[Given records Boundary: Start]
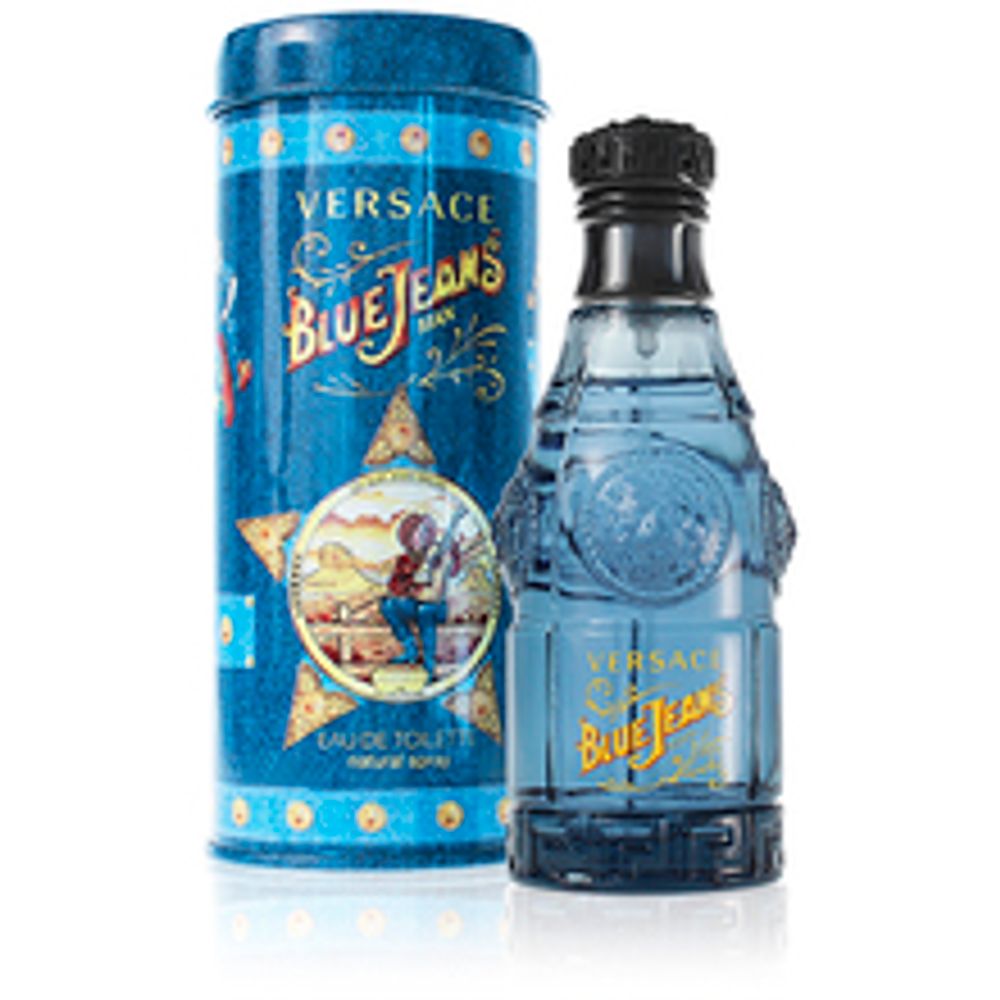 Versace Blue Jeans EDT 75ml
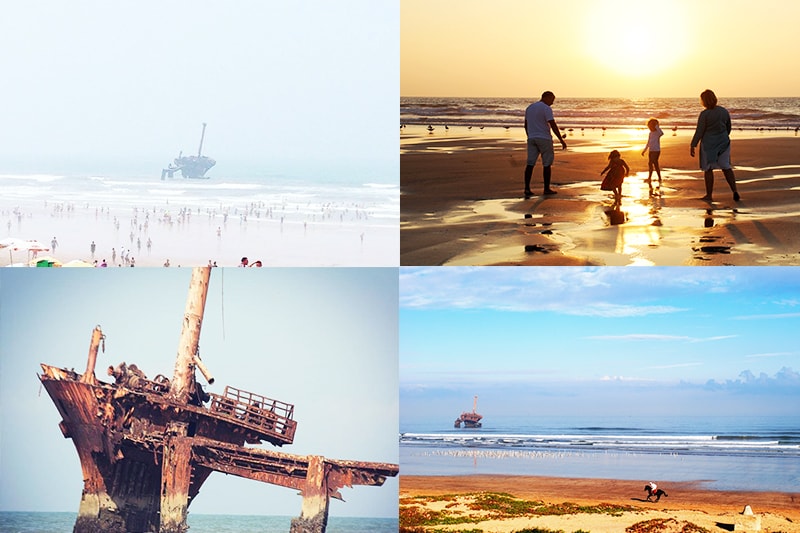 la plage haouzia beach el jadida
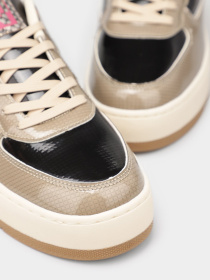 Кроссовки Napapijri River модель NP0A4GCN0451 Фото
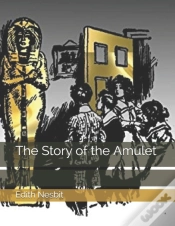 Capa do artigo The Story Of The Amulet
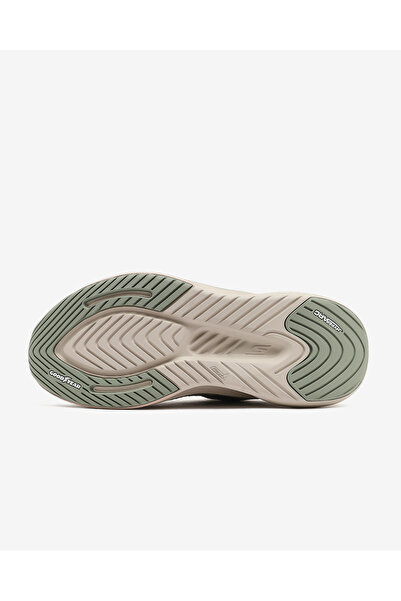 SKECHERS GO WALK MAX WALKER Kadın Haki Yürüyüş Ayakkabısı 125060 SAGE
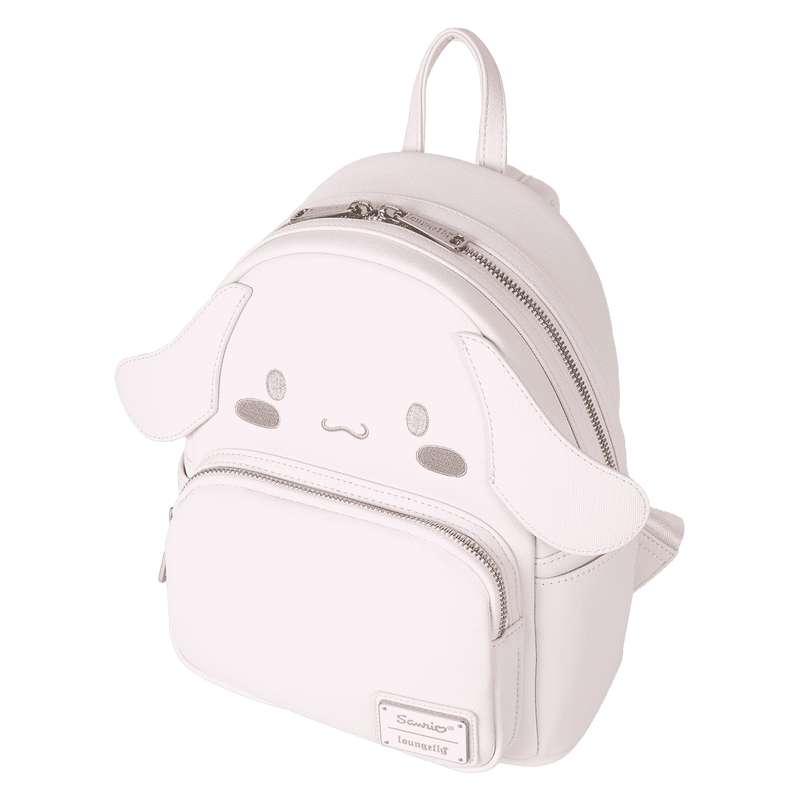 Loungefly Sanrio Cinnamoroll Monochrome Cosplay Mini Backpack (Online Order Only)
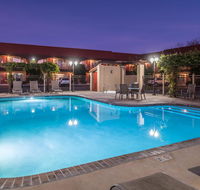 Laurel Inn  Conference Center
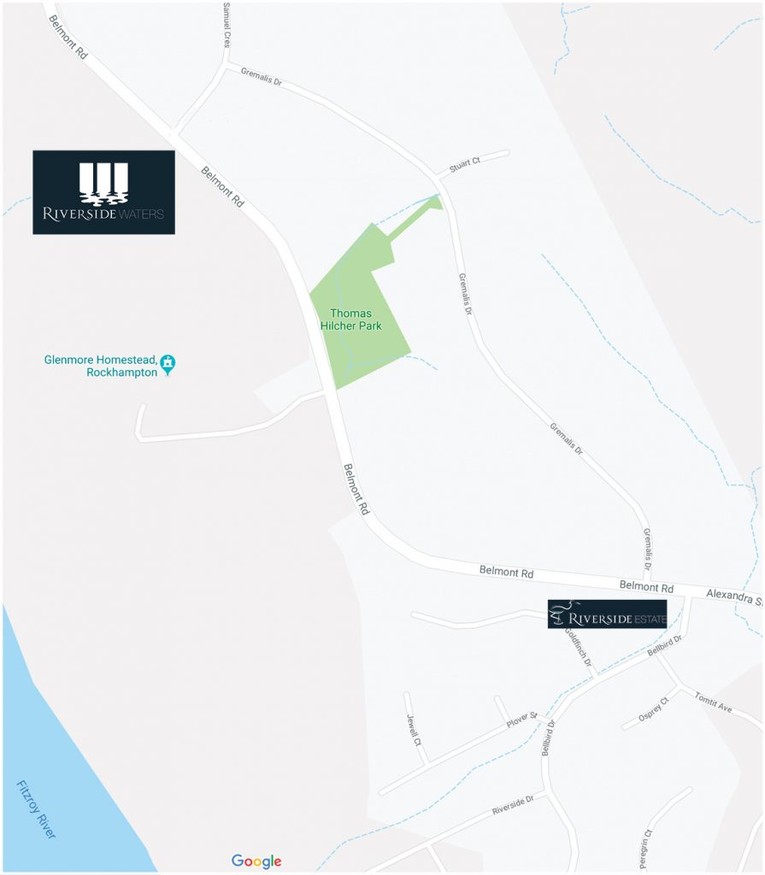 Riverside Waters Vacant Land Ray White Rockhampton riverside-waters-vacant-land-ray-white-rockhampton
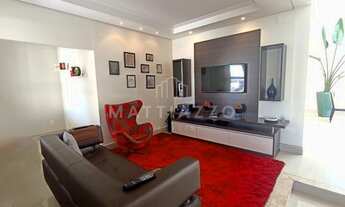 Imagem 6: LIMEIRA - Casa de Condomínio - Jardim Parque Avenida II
[Given records Boundary: End]
- Task description:
The required output is every line from the one containing "SKECHERS GO WALK" through the last line of the records, inclusive, reproduced exactly and without pictures.

- Written solution:
 SKECHERS GO WALK MAX WALKER Kadın Haki Yürüyüş Ayakkabısı 125060 SAGE
 Loungefly Sanrio Cinnamoroll Monochrome Cosplay Mini Backpack (Online Order Only)
 Laurel Inn  Conference Center
 Riverside Waters Vacant Land Ray White Rockhampton riverside-waters-vacant-land-ray-white-rockhampton
 Imagem 6: LIMEIRA - Casa de Condomínio - Jardim Parque Avenida II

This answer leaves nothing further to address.